The official Sundance website describes "Dark Money" as a film about Montana in a post-Citizens United political landscape "showing Washington, D.C., how to solve the problem of unlimited anonymous money in politics."
"Dark Money" is directed by Kimberly Reed. Reed's previous work includes the 2008 documentary "Prodigal Sons," which follows Reed as she returns as a transgender woman to Helena for a high school reunion.
"Wildlife," which shares a name with the novel from which its material is drawn, is the directorial debut for Paul Dano, who has previously had roles in movies including "Little Miss Sunshine," "There Will Be Blood," "Prisoners," "12 Years A Slave," and, more recently, "Swiss Army Man" and the 2017 Netflix film "Okja."
Dano and actress Zoe Kazan, who recently co-starred in the 2017 movie "The Big Sick," adapted their screenplay from the 1990 Ford novel, which depicts the dissolution of a Great Falls family during the summer and fall from the perspective of a man named Joe Brinson reflecting on his childhood.
In the novel, Joe Brinson's father Jerry is fired from his job as an instructor at a Great Falls golf course on accusations that he stole money from the pro shop.
The firing rattles Jerry, who ultimately decides to join up as a firefighter on a wildfire that has burned into the fall.

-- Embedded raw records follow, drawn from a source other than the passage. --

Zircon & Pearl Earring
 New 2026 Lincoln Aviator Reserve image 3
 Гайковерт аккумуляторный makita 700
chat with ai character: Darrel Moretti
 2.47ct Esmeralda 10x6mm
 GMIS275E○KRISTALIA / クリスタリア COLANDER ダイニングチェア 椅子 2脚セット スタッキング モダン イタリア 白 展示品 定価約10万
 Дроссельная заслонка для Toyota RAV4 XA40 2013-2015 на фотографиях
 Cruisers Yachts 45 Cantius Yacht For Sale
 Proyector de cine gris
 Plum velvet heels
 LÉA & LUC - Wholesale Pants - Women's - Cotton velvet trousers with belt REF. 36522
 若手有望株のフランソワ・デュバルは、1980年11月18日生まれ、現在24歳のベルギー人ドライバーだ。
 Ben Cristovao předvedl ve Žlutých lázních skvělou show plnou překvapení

With his father gone to a fire line camp, Joe is left behind as his mother, Jeanette, increasingly spends time with a man named Warren Miller.
The International Movie Database lists Gyllenhaal as Jerry, Mulligan as Jeannette, Ed Oxenbould as Brinson and Bill Camp as Warren Miller.
Dano was interested in filming in Great Falls, but logistical and weather-related issues led to the movie being filmed in Livingston and the Paradise Valley and also in Enid, Oklahoma, Whitmer said. Filming in Montana took place in the fall of 2016.
The Montana-based Roaring 20s Car Club provided classic cars for some of the scenes in the movie, including filming on Main Street and Second Street in Livingston.
Montana Film Office crews helped Dano and his crew construct a 1960s-era fire camp at Luccock Park Camp.
"We encourage high-quality independent cinema," Whitmer said. "We put a lot of effort into supporting filmmakers to do that kind of work."